|The Muse is hungry. Take her out for a meal.|
All work and no play makes Jack a dull boy. It doesn't do much for Jill, either.
Writers, illustrators, composers, and other creative types are thought to toil in solitude and engross themselves in work to the point they forget to eat and sleep, never mind drive car pool, grocery shop, fix dinner, and, oh yeah, work the day job.
In "Draft," a New York Times series about writing, novelist Benjamin Nugent describes how a too-intense focus spoiled his prose. His writing improved once he threw himself into interests and amusements that fed the muse.
If you've got a case of the guilts because you watched the Super Bowl, slipped out to see Silver Linings Playbook when you should have been researching alternative book titles, or, gasp! read a book when you could have advanced your page count, click on that article.

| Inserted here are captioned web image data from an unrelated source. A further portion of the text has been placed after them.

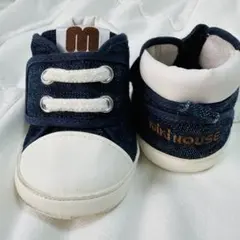 Item thumbnail for item 0628d009-9ec1-4182-9249-18b7d293213e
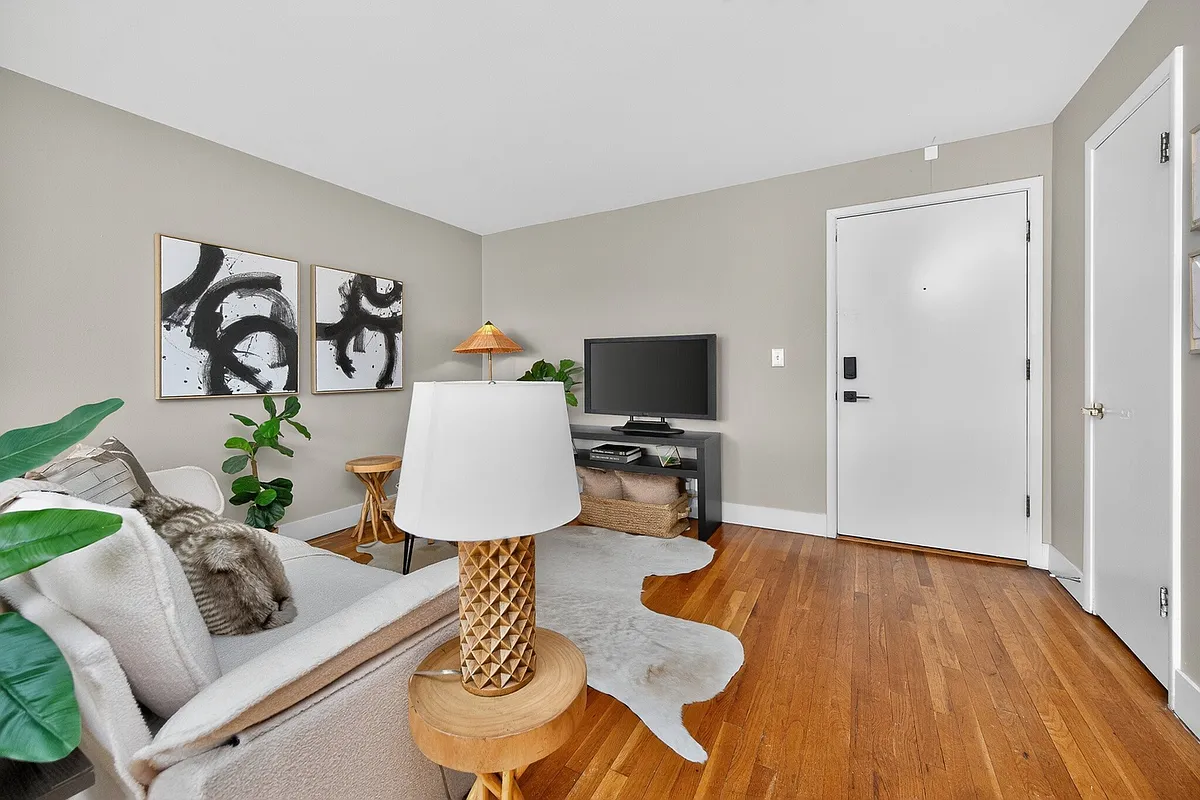 Studio Plus - The Flats at Wasson Way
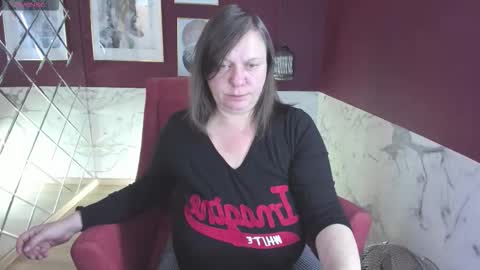 Kelly online show from October 2025 05:30:01 AM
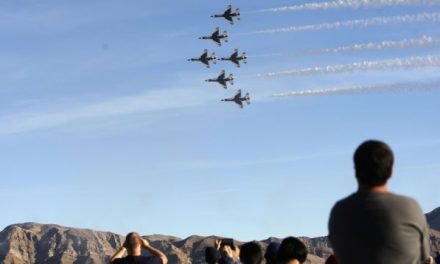 Aviones militares honran a trabajadores de la salud en Florida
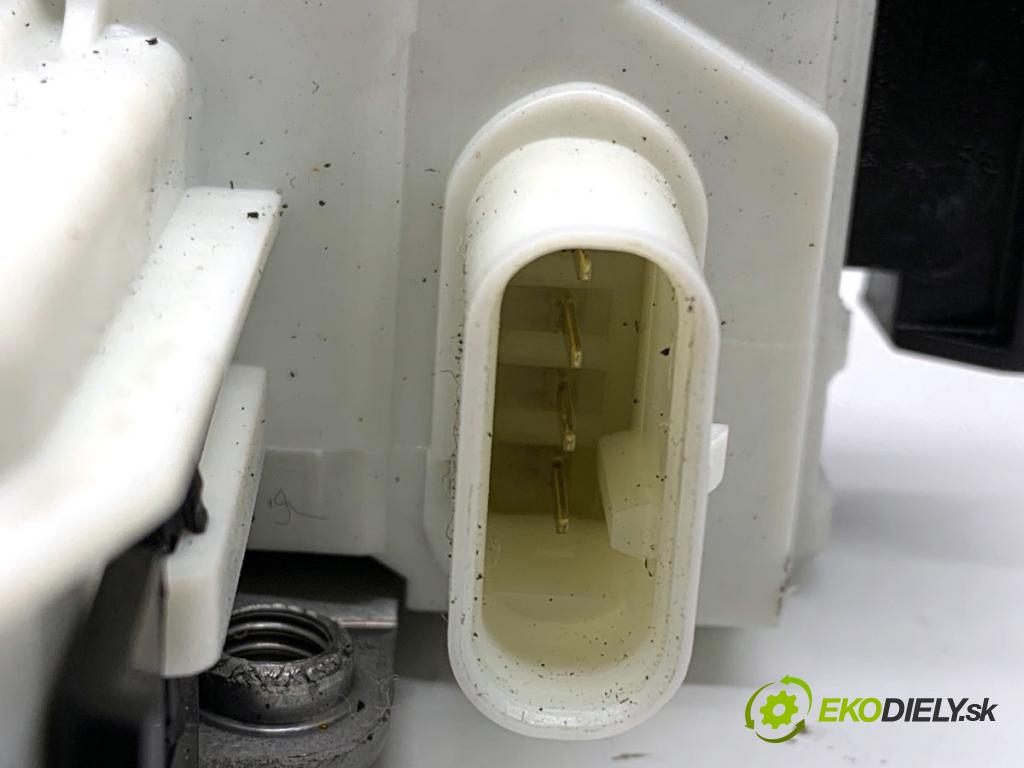 MERCEDES-BENZ KLASA GLA SUV 2017 100 kW GLA 200 CDI 4-matic (156.902) 2143 zámok Dvere pravy zad A2047302835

Writers must feed the muse, and she's a hungry beast. Luckily for us, she doesn't require three squares a day, just a reasonable number of snacks and the occasional feast.
Last week, a friend and I took our muses to see a movie on Monday. Then, on Friday, I met up with my husband and a friend for happy-hour wine and conversation followed by a visit to a photo exhibit. Recently, I varied my walk-in-the-park route and happened upon this:
|Ooh, a tasty snack for the muse|
Deadline-hell weeks aside, how do you balance writing with the other demands on your time? What and how often do you feed the muse?